Diğer bir Demokrat da, İran’ın yanı sıra Erdoğan Hükümeti’nin bir süreden beri İsrail’e karşı “sistematik şekilde” izlediği politikanın da Kongre’de kuşku ve kaygı yarattığını söyledi ve “Türkiye Meclis’te birçok dostunu kaybetti” dedi…
Bu sözler, ABD Kongresi’nin Türk dış politikasını ne şekilde algıladığını göstermesi bakımından kaygı verici. Öyle anlaşılıyor ki, Türkiye’nin Kongre’de kredibilitesi bir hayli düşmüş durumda. Bu ise Türkiye ile ilgili bir müzakere veya karar noktasına gelindiğinde, ciddi bir pürüz yaratabilecek bir faktör…
Yönetim cephesi
Başkan Obama’nın Başbakan Erdoğan’a iki ay önceki görüşmesinde, bu durumu aktarmış olması boşuna değil.
Aslında yönetim çevrelerinin özellikle İran meselesinde ve ayrıca İsrail konusunda, Erdoğan Hükümeti’nin tutumundan rahatsızlık duyduğu bir sır değil. Bu daha önce ABD yetkililerince de dile getirildi.
Kuşkusuz yönetimin bu olup bitenler karşısındaki tavrı, Kongre’ninkinden farklı. Yönetim, Türkiye’yi “kaybetmemek” için daha pragmatik ve yapıcı bir duruş sergilemek zorunda. Kaldı ki, ABD’nin Türkiye ile ortak çıkarlara ve benzer görüşlere sahip olduğu başka konular ve işbirliği alanları da var.
İşte Türk diplomasisi böyle bir ortamda, son iki olayın zedelediği Türk-Amerikan ilişkilerini “tamir” etme çabasını gösteriyor. Halen Washington’da bulunan Dışişleri Bakanlığı Müsteşarı Feridun Sinirlioğlu ve iki yardımcısının amacı, ABD yetkililerine iki ülkeyi ilgilendiren tüm konularda Ankara’nın pozisyonunu etraflıca anlatmak, pürüz yaratan konularda da mümkün olduğu kadar ortak bir zemin bulmak veya görüşleri birbirine yakınlaştırmaktır.

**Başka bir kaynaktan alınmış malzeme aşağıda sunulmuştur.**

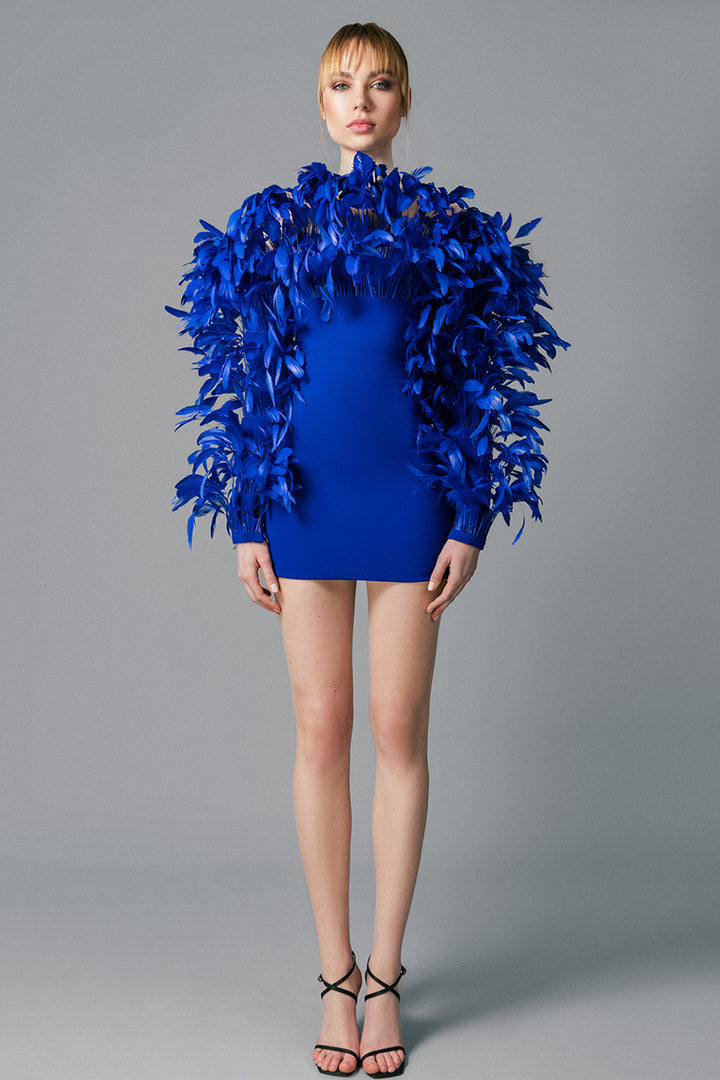 Crepe Short Dress with Feathers
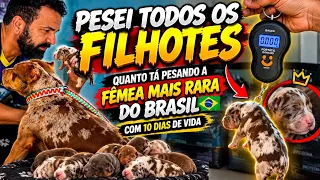 Quanto está pesando os filhotes raro do Brasil 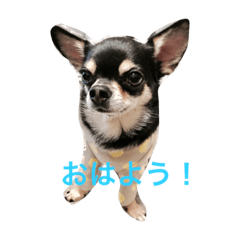 [LINEスタンプ] tacachipu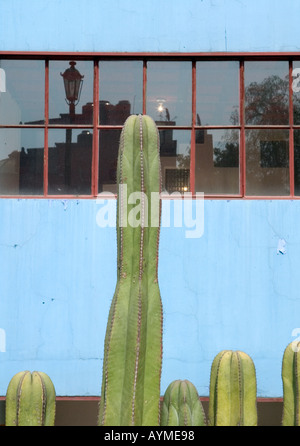 Museo Casa Estudio Diego Rivera y Frida Kahlo der Diego Rivera und Frida Kahlo Studio Museum Mexiko-Stadt mit Kaktus Zaun Stockfoto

Yönetim cephesinde bu önemli ölçüde sağlanabilir. Aslında gerek Obama yönetimi, gerekse Erdoğan Hükümeti, arada bazı pürüzler çıksa da ilişkileri geliştirmek iradesine sahip.
Kongre cephesi
Ama Kongre cephesinde durum farklı. Semih İdiz’in dün belirttiği gibi ilişkilerde asıl sorun, Kongre’den kaynaklanıyor.
Daha önceki deneyimler de gösterdi ki Kongre’yi “ikna” etmek yönetime dert anlatmak kadar kolay değil.
Peki bu nasıl olacak? Bunun bir yolu, yönetimi devreye sokmak, onun Kongre üzerinde baskı yapmasını sağlamak. Ama bu sağlansa bile, Kongre’yi yola getirmek her zaman mümkün olmuyor… Bu bakımdan umutları sadece yönetimin baskı yapmasına bağlamak doğru değil.
Kongreyi direkt olarak ikna etmeye çalışmak gerek. Bunun da çeşitli yöntemleri var. Kongre’den mümkün olduğu kadar çok kişinin Türkiye’ye davet edilmesi, etkin yöntemlerden biri. Türkiye’yi ziyaret edenlerin bazen fikir değiştirdiklerini bilenlerdeniz…
Ancak Kongre’de ve diğer çevrelerde de Türkiye’nin “güvenirliği” konusundaki olumsuz havanın değişmesi için, hükümetin dış politika yaklaşımında ve üslubunda bazı ayarlamalar yapması şart. Bu ayar yapılmadıkça, “ikna” turları, ilişkileri “tamir” etmeye yetmeyecektir.